A simple python 3 script to generate child-parent lemma mappings for import into Lute.
This uses spaCy-stanza, a wrapper around Stanza (formerly StanfordNLP) to find lemma. Stanza has models for over 60 languages, see this page for the complete list.
For example, given the following Spanish input file (in demo/es_input.txt):
perros
perro
perras
vives
vivimos
vivieron
muchacho
muchacha
coches
vez
The script generates a csv file containing the following (Lute term import csv), with the root form in the parent column, and the the child form from the input file under term:
language,term,translation,parent,tags,pronunciation
Spanish,coche,,coches,,
Spanish,perra,,perras,,
Spanish,perro,,perros,,
Spanish,vivir,,vives,,
Spanish,vivir,,vivieron,,
Spanish,vivir,,vivimos,,
Only cases where the lemma form differs from the original term are included, so this doesn't show the terms muchacho, vez, que, etc.

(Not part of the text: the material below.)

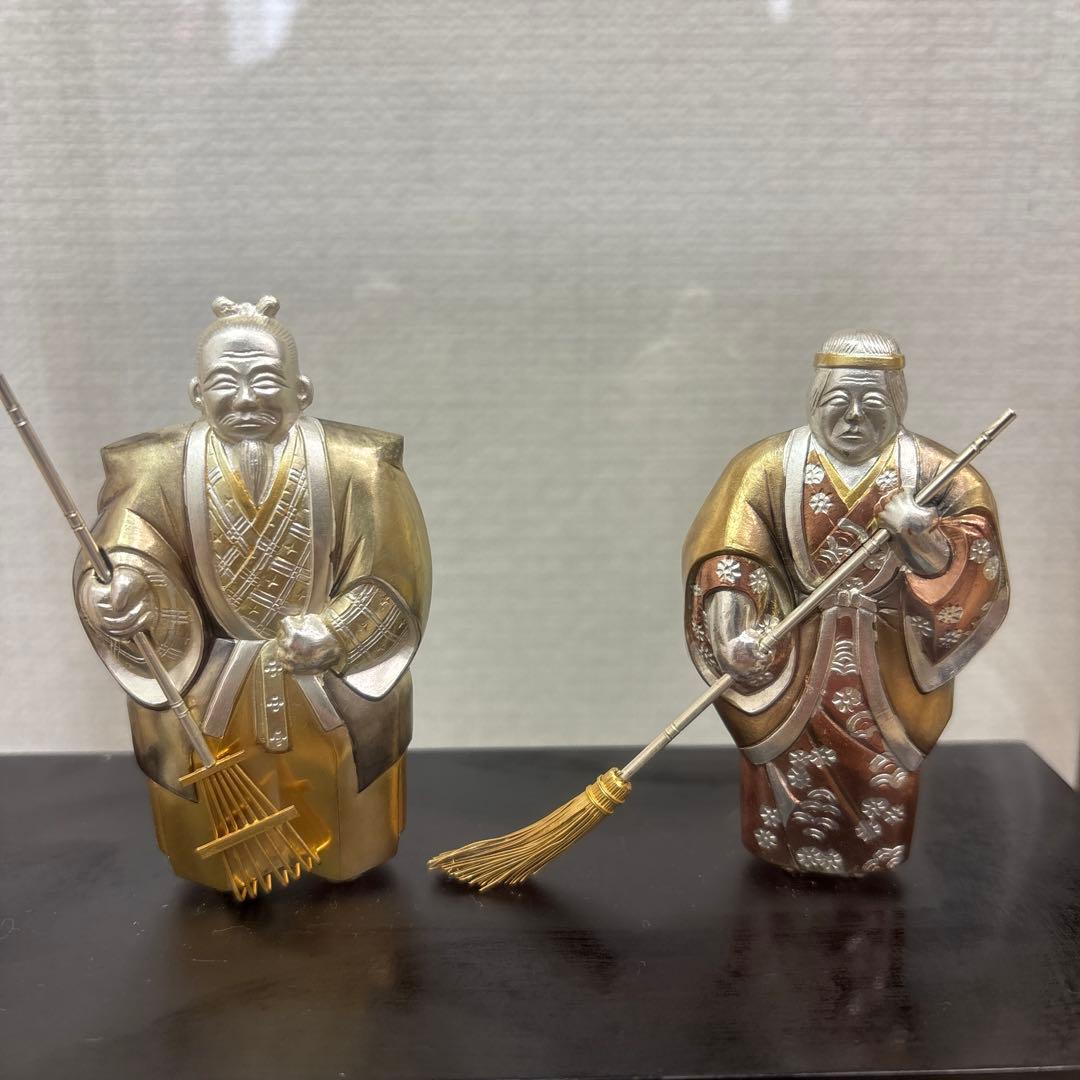 武比古作　彩色彫金高砂人形 銀仕上 金属製 高砂 ガラスケース 置物 オブジェ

(If you know Spanish, you'll see that some of the above aren't really useful ... but the spaCy pipeline is often very, very good.)
- python3 (I've only tested this with python 3.11, it may work with earlier versions)
Note this uses python3.11 explictly.
python3.11 -m venv .env
source .env/bin/activate
pip3.11 install -r requirements.txt
$ source .env/bin/activate
# Ignore warnings with -W ignore
#
# 1st arg: LUTE language name
# 2nd arg: Stanza language code of the terms (link below)
# 3rd arg: path to input file
# 4th arg: path to the output file
#
$ python -W ignore main.py Spanish es demo/es_input.txt output.txt
Opening library ...
Done.
Loading pipeline ...
Done. Processing 1 batches.
1 of 1
File generated: output_1.txt
Please remove any mappings you don't want from this file before importing it.
Stanza language codes: Stanza has models for over 60 languages, see this page for the complete list.